As noted baseball hot stove analyst Jerry Orbach, playing El Gallo, once said, "Try to remember the kind of September, when grass was green and grain was yellow... Deep in December, it's nice to remember, the fire of September that made us mellow. Deep in December, our hearts should remember, And follow."
* * *
They had the cutest of meet-cutes. He'd been set to marry their nemesis, the Boston Red Sox. The Yankees had recently lost their third baseman to a pickup basketball game, and were looking to rebound from the kind of season that only seemed like a failure by George Steinbrenner standards. (They always worked too hard, especially in the winter.)
The Red Sox engagement fell through, and the Yankees traded an about-to-fade Alfonso Soriano to the Texas Rangers for Rodriguez, who said he'd change to make it work, and move to third base.
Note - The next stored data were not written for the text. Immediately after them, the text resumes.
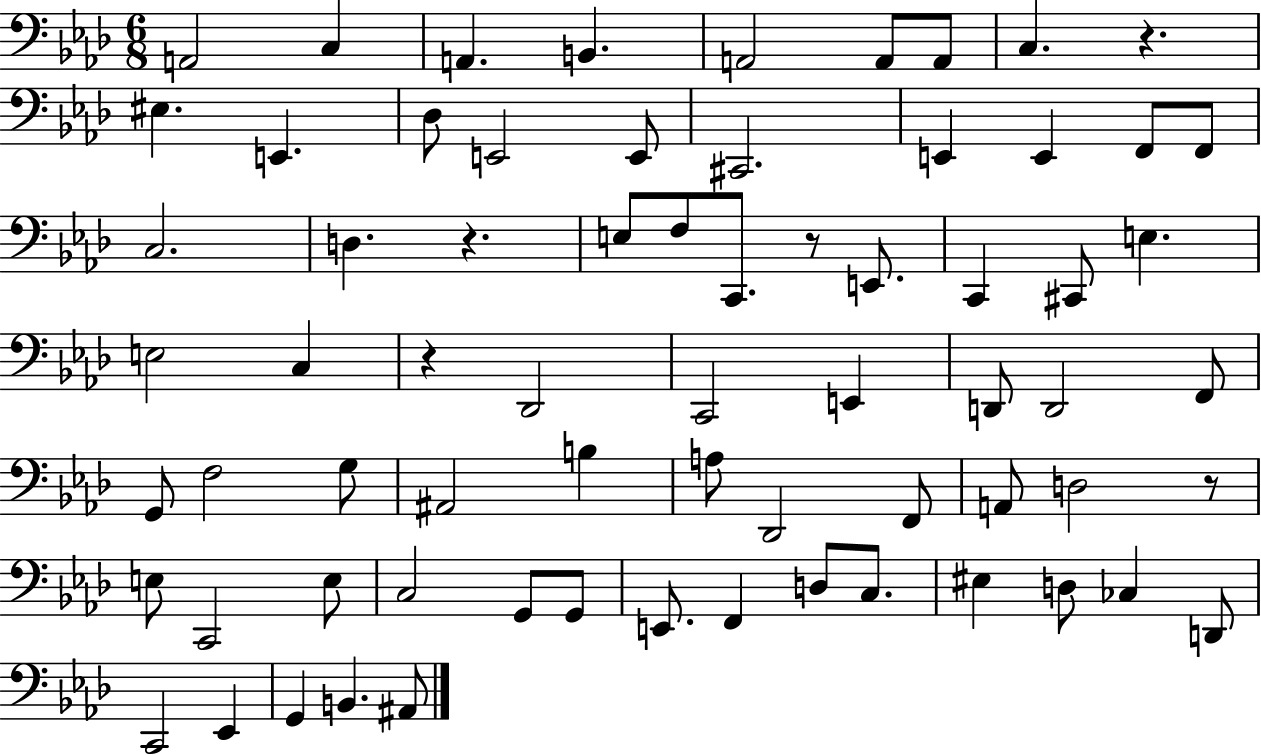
{
  \clef bass
  \numericTimeSignature
  \time 6/8
  \key aes \major
  a,2 c4 | a,4. b,4. | a,2 a,8 a,8 | c4. r4. | \break eis4. e,4. | des8 e,2 e,8 | cis,2. | e,4 e,4 f,8 f,8 | \break c2. | d4. r4. | e8 f8 c,8. r8 e,8. | c,4 cis,8 e4. | \break e2 c4 | r4 des,2 | c,2 e,4 | d,8 d,2 f,8 | \break g,8 f2 g8 | ais,2 b4 | a8 des,2 f,8 | a,8 d2 r8 | \break e8 c,2 e8 | c2 g,8 g,8 | e,8. f,4 d8 c8. | eis4 d8 ces4 d,8 | \break c,2 ees,4 | g,4 b,4. ais,8 | \bar "|."
}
Playoff appearances, but no World Series championship, quickly followed, with observers pressuring the young couple, as they so often do, about exactly when they'd produce some trophies.
By the fall of 2007, Alex Rodriguez, who'd just the year before been demoted to eighth in the Yankees lineup during the playoffs, then spoke openly of retiring, reminded the world that he was the finest baseball player on the planet.
In the seventh year of the 10-year, $252 million contract Rodriguez had originally signed with the Texas Rangers back in the winter of 2000, he hit 54 home runs, put up an absurd 176 OPS+, even stole 24 bases in 28 attempts while playing third base. Rodriguez's original contract wasn't actually an overpay. Per FanGraphs, his 2007 season was worth approximately twice what he earned in salary.
But that original deal had an opt-out clause. And in late October 2007, Rodriguez used it, the information going public as the Boston Red Sox were about to eliminate the Colorado Rockies in the 2007 World Series.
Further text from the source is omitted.